I hope the signatories of the Guardian letter would agree that this was terrorism, but who knows? That sentence could be read as justifying the use of violence to achieve a political goal, which serves as a decent shorthand definition of terrorism anyway. Rodriguez has been glorified and his political manifesto shared by plenty of people and organisations in the pro-Palestinian movement, including Unity of Fields, an American group that used to be Palestine Action U.S., so it isn’t too far-fetched to think there will be similar attacks in future.
The Guardian letter also claims that proscribing Palestine Action “represents an attack both on the entire pro-Palestine movement and on fundamental freedoms of expression, association, assembly and protest.” This is nonsense. Palestine Action’s entire approach was to use criminal methods to achieve a political goal. Their activists set out to smash up buildings and cover them in paint. If they gained entry, they smashed up the offices and equipment as well. This criminal modus operandi was not an add-on, or an occasional by-product: it was the whole point. It shouldn’t need saying, but there is no automatic freedom to break the law.
It is perfectly possible to protest against Israel and campaign for Palestine without using criminal methods. Violence is a choice. Palestine Action advised their activists take a sledgehammer with them when they went out to do a Palestine Action activity – and you don’t need a sledgehammer for peaceful protest.
Cutting through the high-blown political rhetoric, it is hard to avoid the view that the signatories of that Guardian letter support Palestine Action because they believe the Palestinian cause is just, and therefore the suffering in Gaza justifies any response. The same goes for the people getting themselves arrested in Palestine Action’s name every weekend. But this is not an example of cause-agnostic support for free expression or political protest.

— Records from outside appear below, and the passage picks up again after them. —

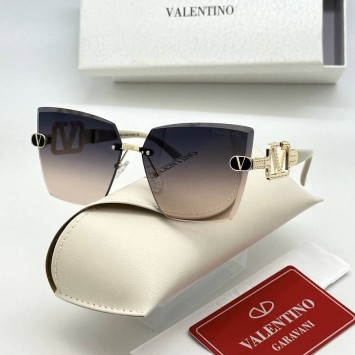 Солнцезащитные очки Valentino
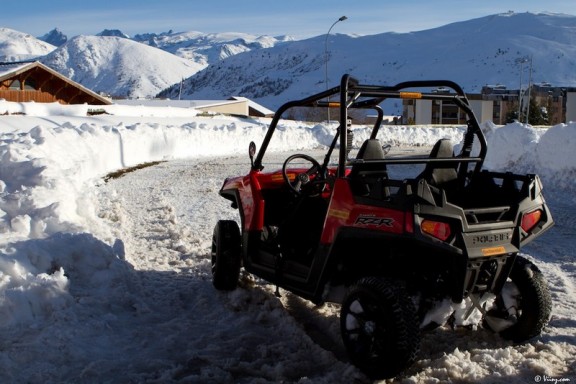 le polaris rzr vue de l'arriere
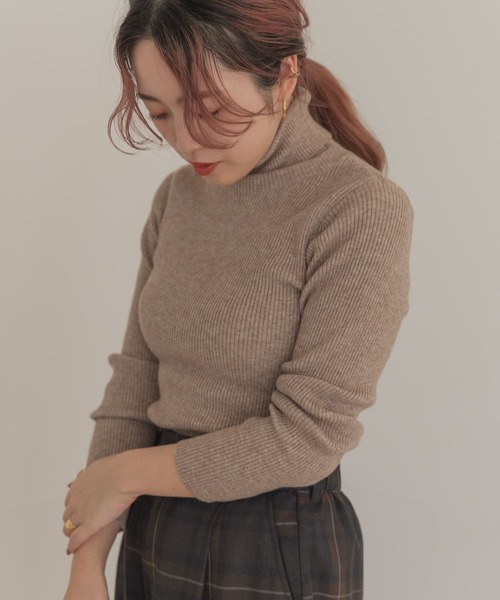 ITEMS URBANRESEARCH(アイテムズ アーバンリサーチ)の「モチモチタートルネックニット(ニット/セーター・レディース・スミクロ/カーキ/グレー/ベージュ・FREE)」の5枚目の写真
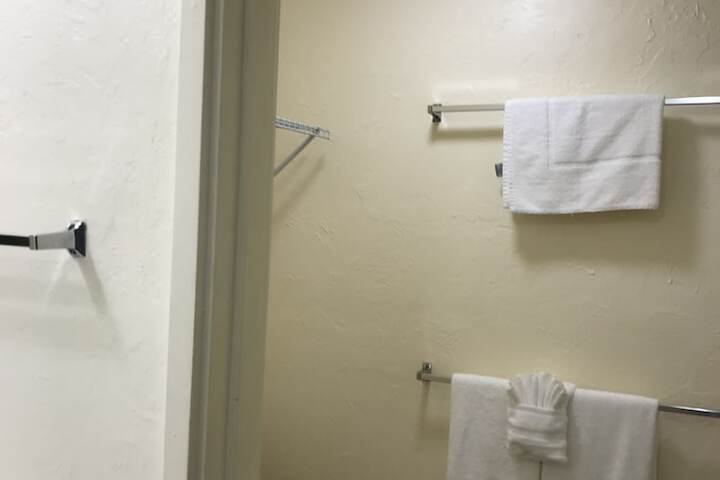 Hilo Reeds Bay Hotel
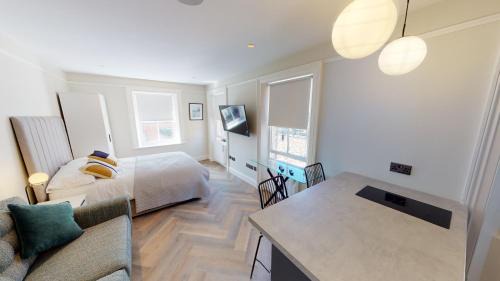 Hope Street Apartment | City Centre Cathedral Sofabed Shared Laundry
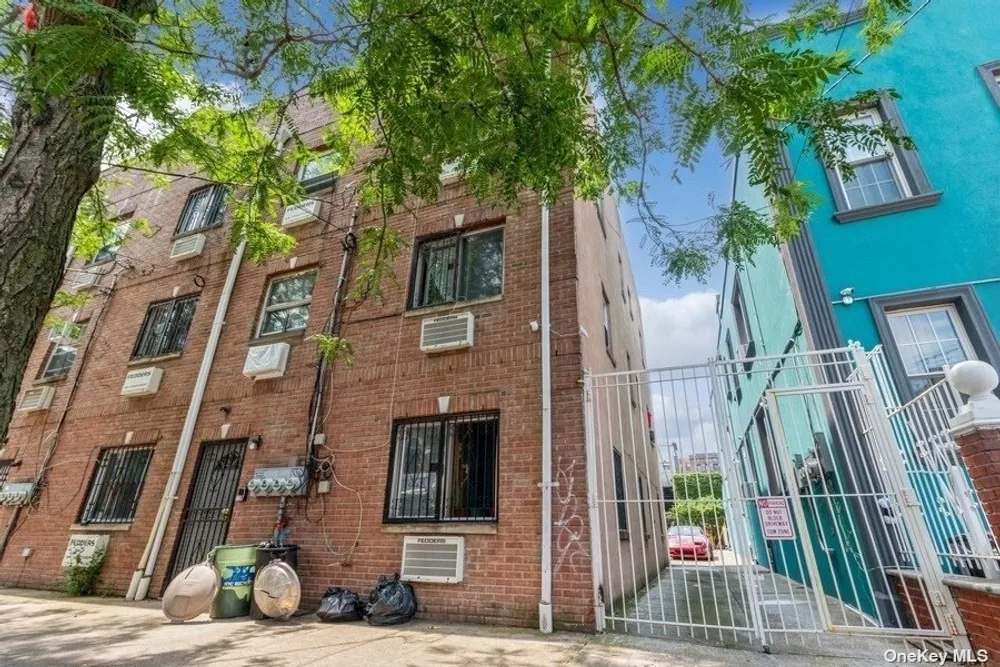 580 New Jersey Ave, Brooklyn, NY 11207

If a far right group used Palestine Action’s tactics to attack immigration centres, asylum hotels and the offices of law firms who work on immigration cases, using organised criminal damage and intimidation to try to bring about an end to immigration, similar support would not be forthcoming from the people now supporting Palestine Action. This is a case of the ends being seen to justify the means: which is, ironically, the logic that terrorists have used for decades.
These letter-writers reveal more than they intend. If proscription really is an attack on the entire pro-Palestine movement, then that would imply the entire movement supports the use of political violence and criminality to achieve its goals. And who knows, maybe they are right about that – who am I to argue? – in which case, proscription of the most violent element of that movement seems more, not less, justified as a result.